Joanna Marie Parrish (30 July 1969 – 16 or 17 May 1990) was a British tutor and language student from Newnham on Severn, Gloucestershire, England, who was murdered in the Burgundy region of France while working at a local school as part of her degree course in 1990. Parrish, a University of Leeds undergraduate who was studying French, disappeared on the night of 16–17 May after placing an advertisement in a local Burgundy newspaper offering private English lessons, and arranging to meet a man who it is believed contacted her with details of a potential student. Her naked body was found in the Yonne River in Monéteau a small town next to Auxerre the following day. She had been raped, beaten and strangled.

A major suspect in the case was Michel Fourniret, a convicted serial killer known as "The Beast of Ardennes," who detectives suspected because the murder had similarities to crimes he was convicted of in 2008. Fourniret's wife, Monique Olivier, also gave police several statements linking him to Parrish's death, but she later withdrew the allegations, claiming they had been made under duress. The case was closed in 2011, but re-opened the following year after the emergence of fresh evidence. In February 2018, it was announced that Fourniret had confessed to Parrish's murder, but Fourniret died before he could stand trial.
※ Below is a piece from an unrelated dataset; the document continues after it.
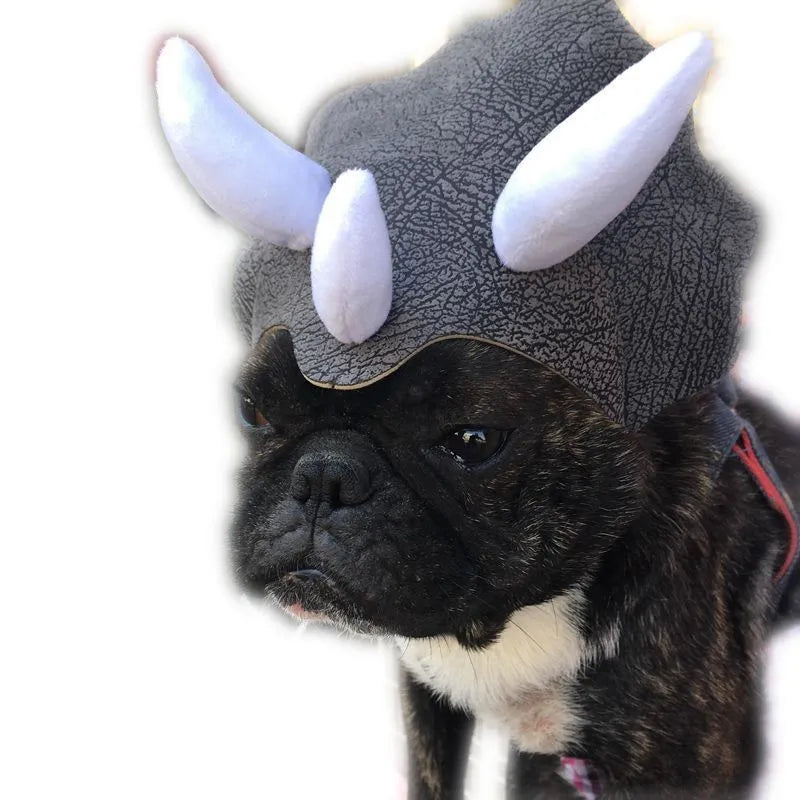 Grey cloth pet triceratops dinosaur hat for dogs and cats, one size.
In 2023, it was announced that prosecutors had charged Olivier with involvement in Parrish's murder. She was convicted of the crime in December and sentenced to life imprisonment.

==Background and death==
Joanna Marie Parrish was born on 30 July 1969 to Pauline Murrell and Roger Parrish. She spent many of her formative years in the Gloucestershire village of Newnham on Severn, and was a student at Ribston Hall High School in nearby Gloucester. She attended the University of Leeds to study for a four-year degree in French, a sandwich course that required her to undertake a work placement during the third year. At the time of her death in May 1990, she was teaching English as an assistant at the Lycée Jacques Amyot in Auxerre, and had been due to finish a week after her disappearance. Her parents had planned to visit her in France to take home her belongings, while Parrish herself would travel on to Czechoslovakia to join her boyfriend, a fellow Leeds student who had also been working overseas.
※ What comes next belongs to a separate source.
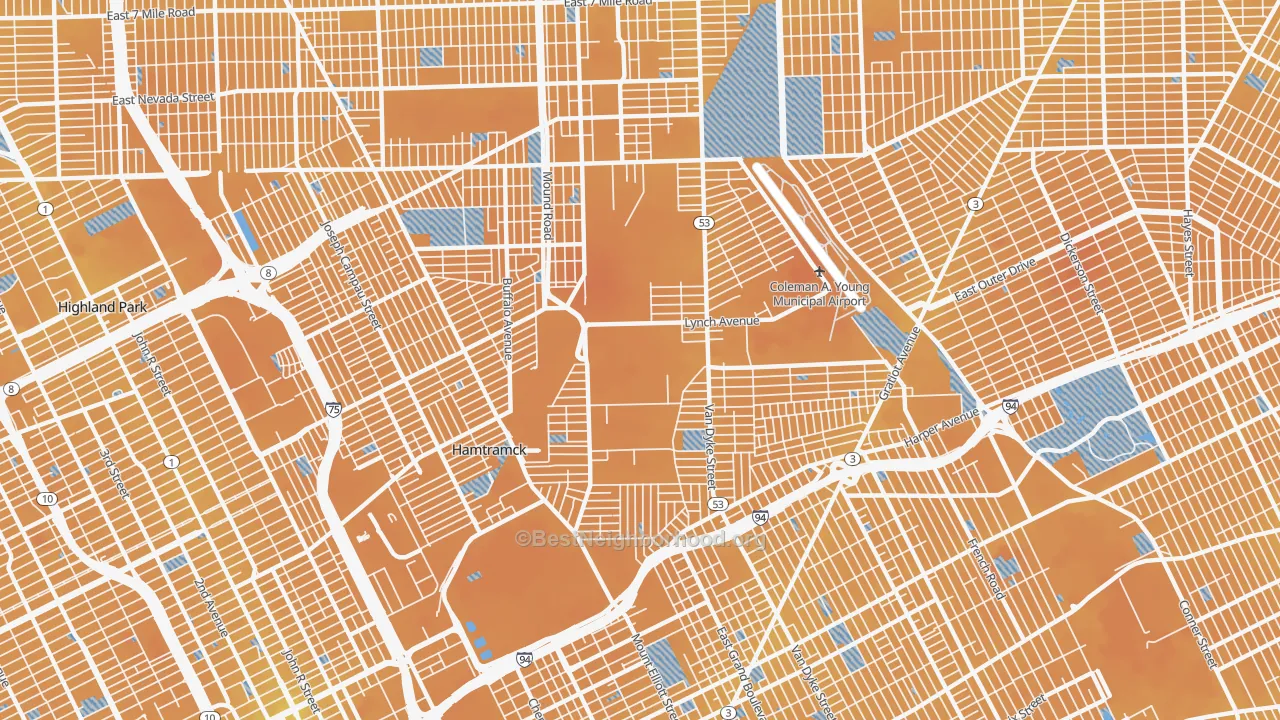 Transit Grade map of Airport, Detroit, MI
To supplement her income during her stay in Auxerre, Parrish had advertised her services as a teacher in a local newspaper, offering private English lessons. According to a flatmate, she had been contacted by a man asking her to teach his son. She arranged to meet the caller outside the Banque Populaire in Auxerre at 7:00p.m. on 16 May 1990, but did not return home from the appointment. Her naked body was found the following day in the River Yonne, three miles outside the town. She had been raped, beaten and strangled.

==Investigation==
A key suspect in the investigation was Michel Fourniret, convicted in 2008 of the murders of seven girls and young women in France and Belgium between 1987 and 2001⁠— crimes that earned him the nickname "The Beast of Ardennes"⁠— and he was declared an official suspect. The crime had similarities to his modus operandi. In particular, Parrish had died in similar circumstances to a number of Fourniret's victims, having been raped and strangled, and there were puncture marks on her body similar in appearance to puncture marks found on some of the others who had been killed.

The theory that Fourniret was responsible gained added strength when his wife claimed to have witnessed her husband kill a young woman in Auxerre before dumping her body into the river. Olivier was convicted as an accomplice to the murders after helping her husband to procure victims by offering them a lift. She later retracted her statements, saying they had been given under duress.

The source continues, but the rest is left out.